The timing of the baking is critical to consistency of the filling. Each oven is different, so trial and error If the butter tarts are over baked, then the filling will be firm. Underbaked and the filling will be far too runny. In both ways, the butter tarts taste fine, but the consistency where the filling is smooth and glossy, but still thick enough to hold its shape, is what makes a butter tart truly great!
Once the butter tarts come out of the oven, place the muffin tray on a wire rack to cool slightly. Make sure that they cool completely prior to removing them from the tray. To remove the tarts, slide a butter knife along the sides of the butter tarts and they should lift out easily.
More Pie And Tart Recipes
If these butter tarts are causing you to crave more desserts with pie pastry, then check out these pies and tarts!
- Blueberry Pie – This is my ‘go-to’ pie. I love this pie with plump fresh blueberries and they are also great with wild or even frozen berries.
- Raspberry Pie – One of my most requested pies, this has the perfect flaky crust with the sweet and tart raspberry filling.
- Sweet Potato Pie – Similar to a pumpkin pie, but with lots of pecans mix in the filling. Perfect fall dessert and ideal for Thanksgiving.
- Butter Pecan Tassies
- Lemon Curd and Blueberry Tart – These are so fancy looking and taste incredible. The buttery crust goes perfect with the lemon curd filling.
- Pie Pastry Pinwheels – If you have some left over pastry, then these baked pinwheels are perfect. They are rolled up with some butter and cinnamon sugar. I will make a batch of pie pastry just to bake these pinwheels!
- 2 1/3 cups flour
- 1 tsp salt
- 1 cup shortening , cubed and chilled
- 1 egg
- 1 tbsp vinegar
- 2 tbsp water , ice cold
- 1 cup dark brown sugar
- 1/2 cup butter , softened
- 2/3 cup corn syrup
- 2 tbsp vinegar
- 1 tbsp vanilla
- 2 eggs
Tart Pastry Instructions
- Place the flour and salt into a large mixing both. Whisk the salt into the flour.Add the cold shortening to the mixing bowl and use a pastry cutter to cut the shortening into the flour until it is a coarse meal consistency.

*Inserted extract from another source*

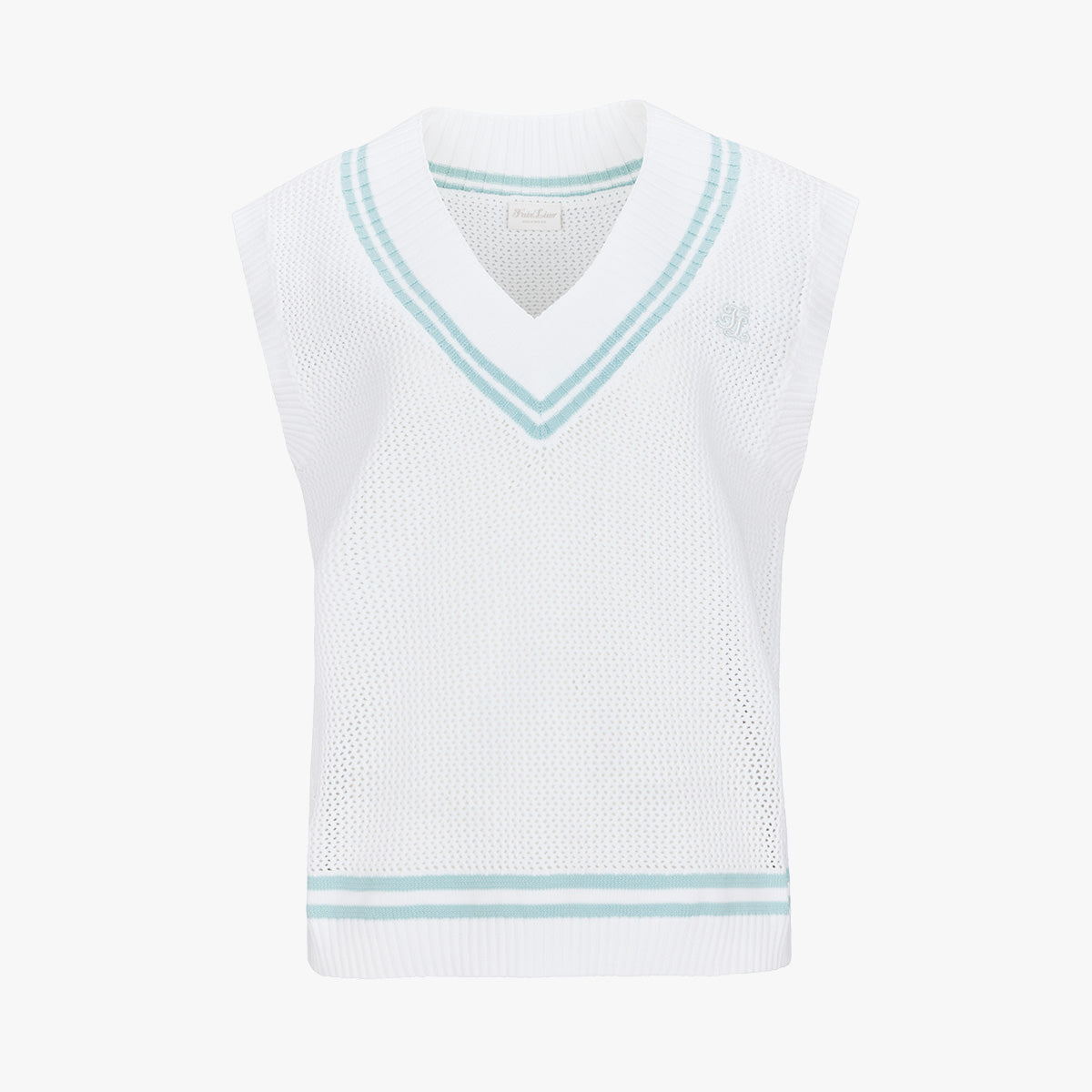 スカシ編みVネックベスト (ホワイト)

- In a small bowl, whisk the egg with 2 tbsp of water. Stir into the frour mixture. If needed, add an extra tablespoon or two to the pie dough. The dough should come together but not be too wet.

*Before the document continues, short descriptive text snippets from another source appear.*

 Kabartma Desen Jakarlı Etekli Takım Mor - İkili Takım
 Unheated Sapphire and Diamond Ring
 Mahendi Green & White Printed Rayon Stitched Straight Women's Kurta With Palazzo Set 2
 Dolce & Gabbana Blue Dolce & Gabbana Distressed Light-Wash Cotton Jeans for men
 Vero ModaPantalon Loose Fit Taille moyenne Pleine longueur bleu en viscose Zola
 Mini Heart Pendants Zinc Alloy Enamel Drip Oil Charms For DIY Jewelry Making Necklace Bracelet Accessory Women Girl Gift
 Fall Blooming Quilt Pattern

- Gather into a ball, cover with plastic wrap and place in a fridge to chill for at least one hour.
- Roll out the tart pastry on a floured surface to about 1/8 inch thickness. Use a 3 1/2 inch round cutter or a wide enough glass. Take each cut pastry circle and gently press into a non stick muffin tin. Press down to ensure the bottom is flat and press along the sides. Try to make sure there are no air pockets. Do this with the remaining pastry. You should be able to get around 24 tart shells.
- In a large mixing bowl, cream together the dark brown sugar and the softened butter until smooth and creamy.
- Mix in the corn syrup, eggs, vanilla, and vinegar with the sugar and butter mixture until smooth and well combined.
- Spoon some of the filling into each butter tart shell up to about 2/3 full.
- Bake in a 350F preheated oven for 17-20 minutes, turning halfway through baking. The sides of the pastry should be a golden brown and the filling should puff up slightly.
- Remove from the oven and let cool completely before removing the butter tarts from the muffin tray.